Der Antrag auf Istversteuerung ist an keine Form gebunden. Du kannst ihn formlos und jederzeit an das zuständige Finanzamt stellen. Es gibt keine Fristen oder spezielle Formulare, die du berücksichtigen musst.
Wichtig: Grundsätzlich hat das Finanzamt einen Antrag auf Istbesteuerung zu genehmigen.
So stellst du einen Antrag auf Istbesteuerung
Wenn du vorhast, ein Unternehmen zu gründen, kannst du die Istbesteuerung direkt im Fragebogen zur steuerlichen Erfassung beantragen. Liegt deine Gründung jedoch schon etwas zurück, musst du einen formlosen Antrag an dein zuständiges Finanzamt stellen. Folgende Angaben solltest du in deinem Schreiben machen:
- deine Steuernummer
- der Zeitpunkt, ab dem du die Istversteuerung nutzen willst
- deinen Gesamtumsatz des letzten Geschäftsjahres
Erfüllst du die Voraussetzung, dürfte der Genehmigung deines Antrages nichts im Wege stehen. Selbst eine rückwirkende Beantragung der Istversteuerung ist möglich. Sobald du die Bestätigung erhalten hast, kannst du zum angegebenen Zeitpunkt mit der Istversteuerung loslegen.
Wie funktioniert die Umsatzsteuervoranmeldung?
Bei der Umsatzsteuervoranmeldung musst du regelmäßig deine Umsatzsteuer, die du von deinen Kunden erhoben hast, dem Finanzamt melden. Dabei spielt es eine wichtige Rolle, ob du dich für die Soll- oder Istversteuerung entscheidest, da das – wie du mittlerweile schon weißt – festlegt, wann du die Umsatzsteuer melden und bezahlen musst.

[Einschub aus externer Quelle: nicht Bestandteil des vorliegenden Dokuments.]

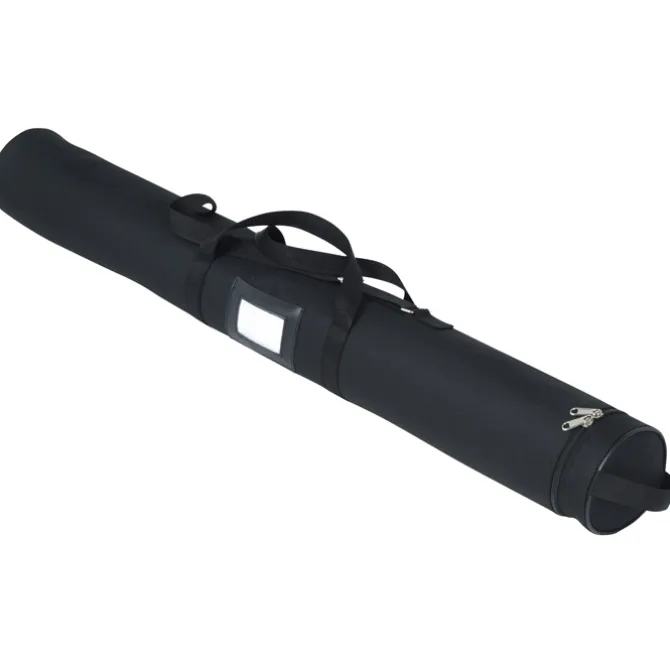 Value Polypropylene Retractable Banner Display - 36 inches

Am Ende deines Geschäftsjahres musst du außerdem eine Umsatzsteuererklärung abgeben. Bei dieser Erklärung werden die bereits eingereichten Umsatzsteuervoranmeldungen angerechnet.
Gleichzeitig kannst du die von dir gezahlte Umsatzsteuer auf betriebliche Einkäufe und Ausgaben, die sogenannte Vorsteuer, von deiner abzuführenden Umsatzsteuer (Umsatzsteuerschuld) abziehen. Die Differenz aus eingenommener und gezahlter Umsatzsteuer ergibt schließlich deine Zahllast (oder einen Rückerstattungsanspruch) gegenüber dem Finanzamt.

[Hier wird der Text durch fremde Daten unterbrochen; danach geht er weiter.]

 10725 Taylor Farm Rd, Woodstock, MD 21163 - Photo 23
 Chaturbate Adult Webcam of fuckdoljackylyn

Deine Umsatzsteuervoranmeldung musst du bis zum 10. des Folgemonats beim Finanzamt einreichen und deine Zahllast bis zu diesem Stichtag überweisen. Je nach Höhe deiner Umsätze machst du das monatlich, vierteljährlich oder jährlich. Existenzgründer müssen bspw. in den ersten beiden Jahren ihrer Selbstständigkeit jeweils monatlich eine Umsatzsteuervoranmeldung abgeben. Du kannst allerdings eine Dauerfristverlängerung beantragen und hast (bei einer Genehmigung) einen Monat länger für die Abgabe der Umsatzsteuervoranmeldung Zeit.

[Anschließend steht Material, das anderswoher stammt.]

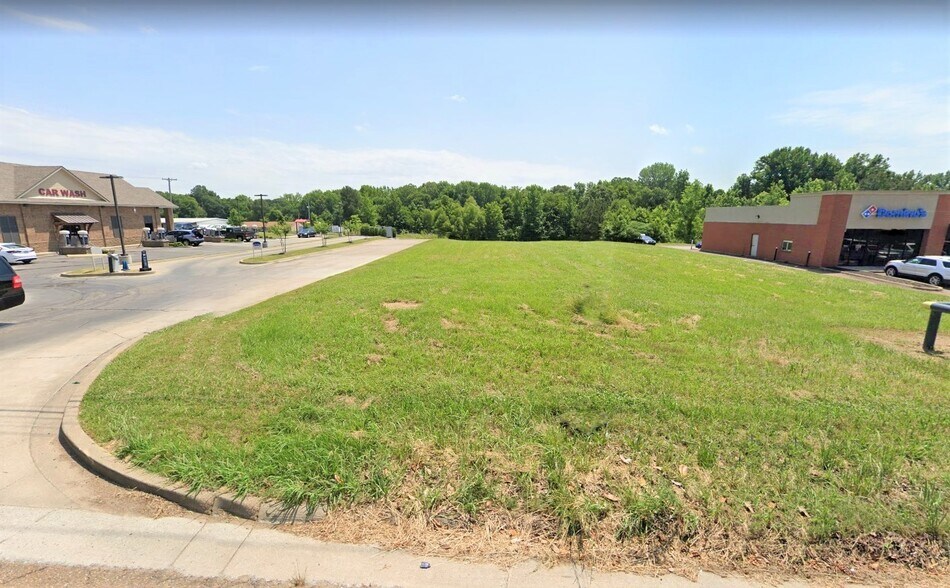 2310 McIngvale Rd, Hernando, MS 38632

Wenn du als Selbstständiger nicht von der Kleinunternehmerregelung Gebrauch machen kannst oder willst, ist die Umsatzsteuer ein durchlaufender Posten für dich. Denn du verlangst von deinen Kunden Umsatzsteuer, die du ans Finanzamt abführst. Ebenso bekommst du aber auch die Mehrwertsteuer von den Lieferanten erstattet.